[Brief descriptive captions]
--- START ---
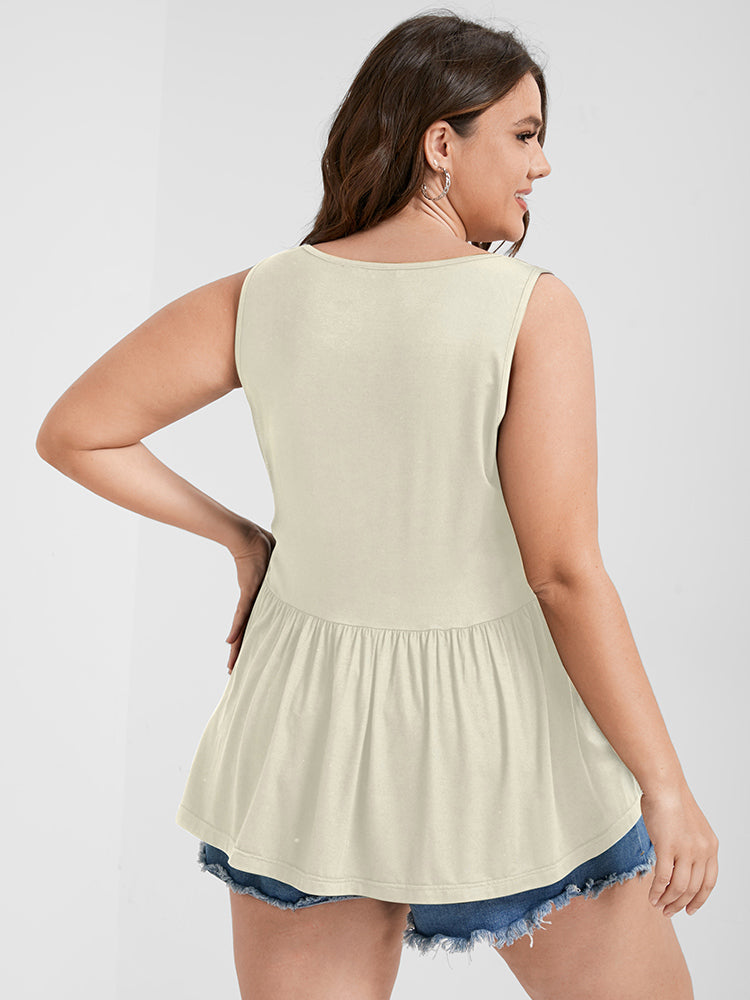 Solid Scoop Neck Button Front Tank Top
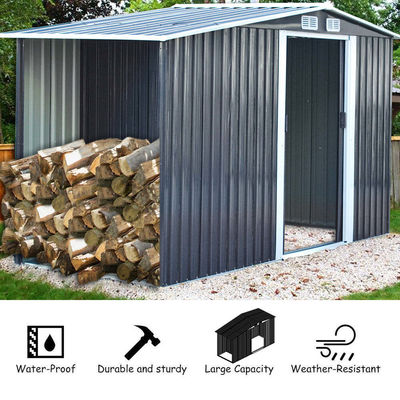 Easy-to-Assemble AJUNION Metal Garden Shed for Outdoor Storage and Firewood Solutions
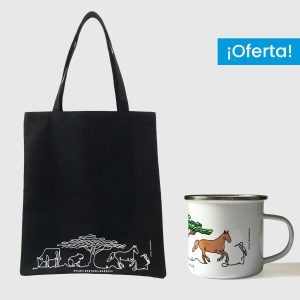 Combo Llanos  <br> Tote Bag Loneta Impermeable Llanos Full Color + <br> Taza de peltre Llanos full color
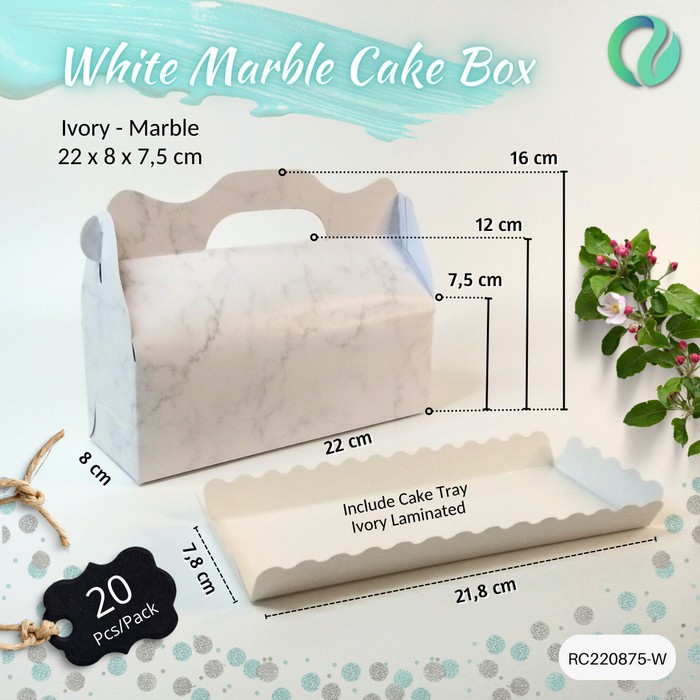 

⭐BISA COD⭐ Kraft Paper Box Multipurpose Roll Cake White Marble 20 PCS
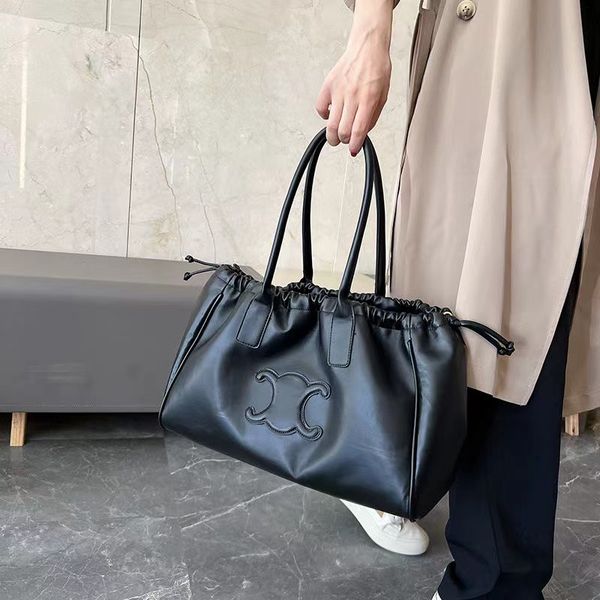 

fashion shopping bag women's handbag high-end design drawstring portable tote bag luxury large capacity casual one shoulder underarm ba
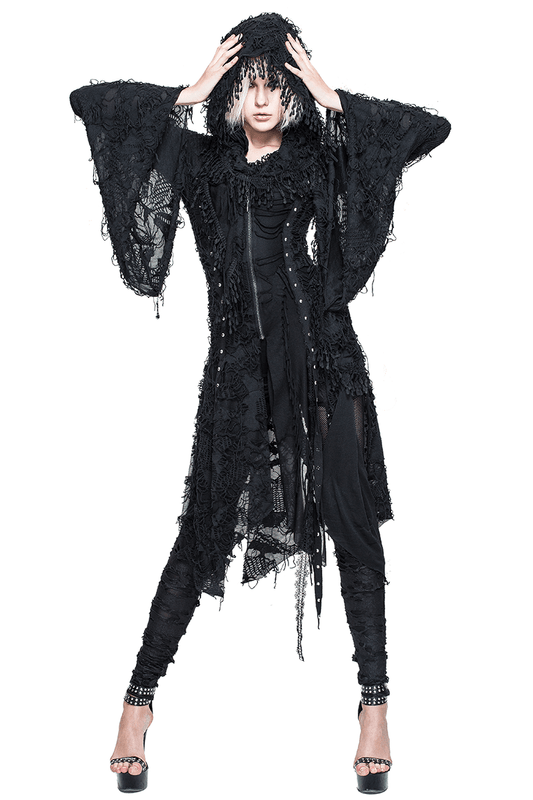 Gothic Black Women's Bat Wing Sleeve Hood Long Coat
--- END ---
#### Your assignment:
Your task is to copy only the lines above starting at the one containing "Easy-to-Assemble AJUNION Metal" and ending at the one containing "fashion shopping bag". Copy them exactly, both ends included, and omit the pictures.

#### Task answer:
 Easy-to-Assemble AJUNION Metal Garden Shed for Outdoor Storage and Firewood Solutions
 Combo Llanos  <br> Tote Bag Loneta Impermeable Llanos Full Color + <br> Taza de peltre Llanos full color

⭐BISA COD⭐ Kraft Paper Box Multipurpose Roll Cake White Marble 20 PCS

fashion shopping bag women's handbag high-end design drawstring portable tote bag luxury large capacity casual one shoulder underarm ba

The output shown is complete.